Post-Verdict Delay Gets its Own Ceiling: R. v. Jordan
In
many criminal cases, particularly the more serious cases, sentencing
will, of necessity, take time, sometimes a matter of months.
Dangerous
offender applications, situations in which expert reports are
required or extensive evidence is tendered, for instance, significantly lengthen the sentencing process.
While
the Jordan
analysis
does apply to post-verdict delay, the presumptive ceilings
established in Jordan
do
not include post-verdict delay. Post-verdict delay, for the purposes
of applying a presumptive ceiling, is to be assessed separately from
pre-verdict delay and is subject to its own presumptive ceiling.
R.
v. Charley,
2019 ONCA 726.
The
Court of Appeal for Ontario in R.
v. Charley fixed that ceiling at five months. Five months is the point
at which the delay is sufficiently long that it is regarded as
presumptively unreasonable for the purposes of s. 11(b). The onus
falls to the Crown to justify the delay.
Where
a section 11(b) breach occurs prior to verdict, a stay of proceedings
is the only available remedy. This is settled law.
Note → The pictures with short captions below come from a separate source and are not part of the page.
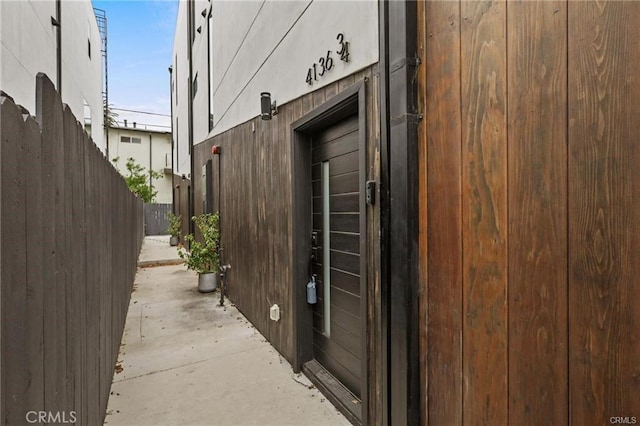41363/4 Normal Ave Unit 3/4, Los Angeles, CA 90029 - view of doorway to property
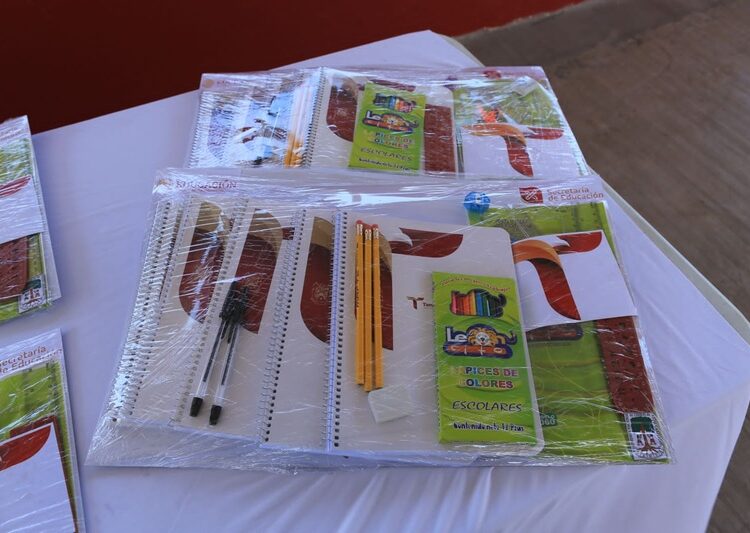 Apoyos sin precedentes en educación recibe Tamaulipas, destacan AVA y Mario Delgado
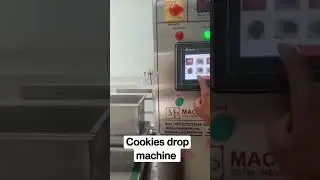 Cookies drop machine,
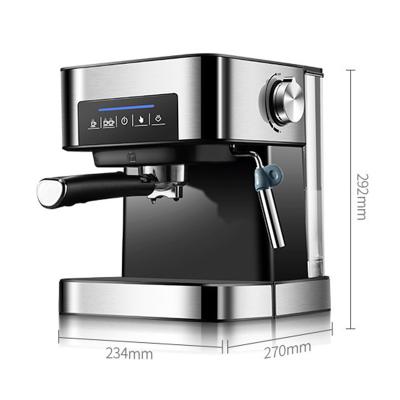 Китай Wholesale High Quality Coffee Machine Hotel Rotisserie Espresso Coffee Maker Home Automatic Italian Coffee Maker Machine продается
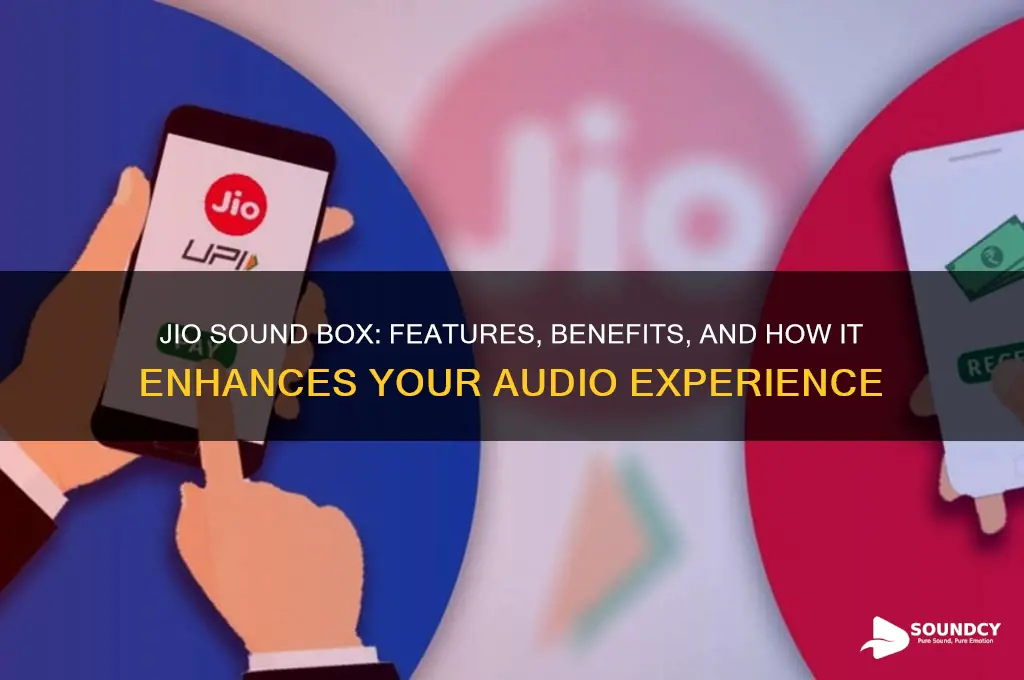 what is jio sound box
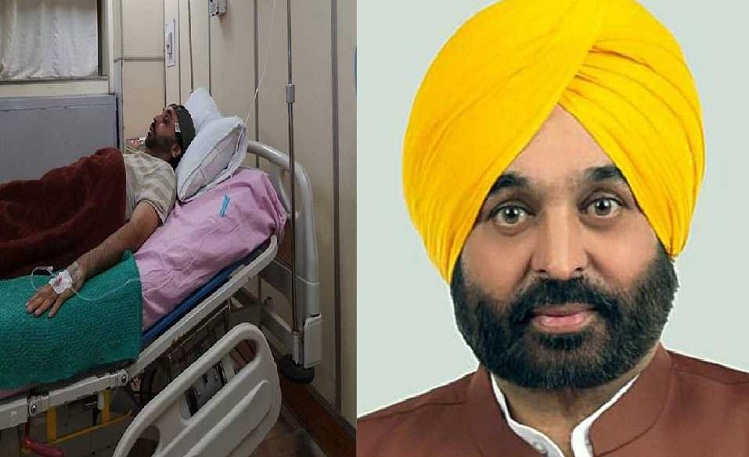 पंजाब के मुख्यमंत्री दिल्ली के अपोलो अस्पताल में भर्ती, पेट दर्द की थी शिकायत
However, where
section 11(b) has been breached post-verdict, the appropriate remedy
remains an open question.
Stuart
O'Connell, O'Connell Law Group (All rights reserved to author).
FN:
Several appellate courts in addition to the ONCA have held that the
presumptive ceilings in Jordan
run
from the laying of the charge to the verdict or anticipated date of
the verdict and not to the date of sentence: see S.
C.W.,
2018 BCCA 346 at para 34; R.
v. Rode,
2019 SKCA 17 (CanLII), leave to appeal refused, [2019] S.C.C.A. No.
112; R.
v. Le compte,
2018 NBCA 33 (CanLII); R.
v. Rice,
2018 QCCA 198 (CanLII).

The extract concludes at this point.